== Segment start ==

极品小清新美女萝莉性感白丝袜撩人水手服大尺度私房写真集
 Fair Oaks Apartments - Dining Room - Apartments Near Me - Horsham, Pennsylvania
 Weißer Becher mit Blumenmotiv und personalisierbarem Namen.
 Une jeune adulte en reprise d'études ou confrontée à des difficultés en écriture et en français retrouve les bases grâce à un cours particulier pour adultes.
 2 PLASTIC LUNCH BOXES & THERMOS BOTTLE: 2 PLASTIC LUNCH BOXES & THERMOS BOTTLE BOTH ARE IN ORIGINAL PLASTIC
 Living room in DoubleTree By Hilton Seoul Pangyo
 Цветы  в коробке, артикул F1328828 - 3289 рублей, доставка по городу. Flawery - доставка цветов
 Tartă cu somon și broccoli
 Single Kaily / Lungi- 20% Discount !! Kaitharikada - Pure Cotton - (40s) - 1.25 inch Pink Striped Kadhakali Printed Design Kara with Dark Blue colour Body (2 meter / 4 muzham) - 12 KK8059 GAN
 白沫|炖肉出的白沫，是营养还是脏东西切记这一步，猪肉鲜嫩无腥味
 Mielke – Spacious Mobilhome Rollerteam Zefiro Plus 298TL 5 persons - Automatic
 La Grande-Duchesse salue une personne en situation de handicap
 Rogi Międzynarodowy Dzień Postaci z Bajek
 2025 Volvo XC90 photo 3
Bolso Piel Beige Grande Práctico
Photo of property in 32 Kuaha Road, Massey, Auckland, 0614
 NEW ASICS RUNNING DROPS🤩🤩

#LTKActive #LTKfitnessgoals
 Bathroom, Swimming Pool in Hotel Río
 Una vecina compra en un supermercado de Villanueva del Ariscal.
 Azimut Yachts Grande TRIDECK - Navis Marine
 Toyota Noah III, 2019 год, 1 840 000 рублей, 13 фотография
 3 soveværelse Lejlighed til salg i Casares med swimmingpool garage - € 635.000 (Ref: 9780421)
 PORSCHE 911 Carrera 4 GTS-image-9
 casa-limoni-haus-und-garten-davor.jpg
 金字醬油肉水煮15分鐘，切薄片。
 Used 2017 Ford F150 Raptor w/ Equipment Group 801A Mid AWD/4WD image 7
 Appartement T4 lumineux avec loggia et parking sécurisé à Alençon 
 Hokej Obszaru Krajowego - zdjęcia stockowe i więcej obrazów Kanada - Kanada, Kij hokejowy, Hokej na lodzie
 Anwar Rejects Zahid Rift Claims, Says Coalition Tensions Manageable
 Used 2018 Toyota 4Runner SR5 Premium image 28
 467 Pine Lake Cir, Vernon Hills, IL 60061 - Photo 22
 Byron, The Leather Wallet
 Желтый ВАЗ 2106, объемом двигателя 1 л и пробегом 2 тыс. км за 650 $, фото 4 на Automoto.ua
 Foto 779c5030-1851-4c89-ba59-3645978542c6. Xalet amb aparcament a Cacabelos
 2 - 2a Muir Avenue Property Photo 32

== Segment end ==

DIRECTIONS FOR THIS TASK: Reproduce every entry above so that each one matches its source exactly.

TASK OUTPUT:
极品小清新美女萝莉性感白丝袜撩人水手服大尺度私房写真集
 Fair Oaks Apartments - Dining Room - Apartments Near Me - Horsham, Pennsylvania
 Weißer Becher mit Blumenmotiv und personalisierbarem Namen.
 Une jeune adulte en reprise d'études ou confrontée à des difficultés en écriture et en français retrouve les bases grâce à un cours particulier pour adultes.
 2 PLASTIC LUNCH BOXES & THERMOS BOTTLE: 2 PLASTIC LUNCH BOXES & THERMOS BOTTLE BOTH ARE IN ORIGINAL PLASTIC
 Living room in DoubleTree By Hilton Seoul Pangyo
 Цветы  в коробке, артикул F1328828 - 3289 рублей, доставка по городу. Flawery - доставка цветов
 Tartă cu somon și broccoli
 Single Kaily / Lungi- 20% Discount !! Kaitharikada - Pure Cotton - (40s) - 1.25 inch Pink Striped Kadhakali Printed Design Kara with Dark Blue colour Body (2 meter / 4 muzham) - 12 KK8059 GAN
 白沫|炖肉出的白沫，是营养还是脏东西切记这一步，猪肉鲜嫩无腥味
 Mielke – Spacious Mobilhome Rollerteam Zefiro Plus 298TL 5 persons - Automatic
 La Grande-Duchesse salue une personne en situation de handicap
 Rogi Międzynarodowy Dzień Postaci z Bajek
 2025 Volvo XC90 photo 3
Bolso Piel Beige Grande Práctico
Photo of property in 32 Kuaha Road, Massey, Auckland, 0614
 NEW ASICS RUNNING DROPS🤩🤩

#LTKActive #LTKfitnessgoals
 Bathroom, Swimming Pool in Hotel Río
 Una vecina compra en un supermercado de Villanueva del Ariscal.
 Azimut Yachts Grande TRIDECK - Navis Marine
 Toyota Noah III, 2019 год, 1 840 000 рублей, 13 фотография
 3 soveværelse Lejlighed til salg i Casares med swimmingpool garage - € 635.000 (Ref: 9780421)
 PORSCHE 911 Carrera 4 GTS-image-9
 casa-limoni-haus-und-garten-davor.jpg
 金字醬油肉水煮15分鐘，切薄片。
 Used 2017 Ford F150 Raptor w/ Equipment Group 801A Mid AWD/4WD image 7
 Appartement T4 lumineux avec loggia et parking sécurisé à Alençon 
 Hokej Obszaru Krajowego - zdjęcia stockowe i więcej obrazów Kanada - Kanada, Kij hokejowy, Hokej na lodzie
 Anwar Rejects Zahid Rift Claims, Says Coalition Tensions Manageable
 Used 2018 Toyota 4Runner SR5 Premium image 28
 467 Pine Lake Cir, Vernon Hills, IL 60061 - Photo 22
 Byron, The Leather Wallet
 Желтый ВАЗ 2106, объемом двигателя 1 л и пробегом 2 тыс. км за 650 $, фото 4 на Automoto.ua
 Foto 779c5030-1851-4c89-ba59-3645978542c6. Xalet amb aparcament a Cacabelos
 2 - 2a Muir Avenue Property Photo 32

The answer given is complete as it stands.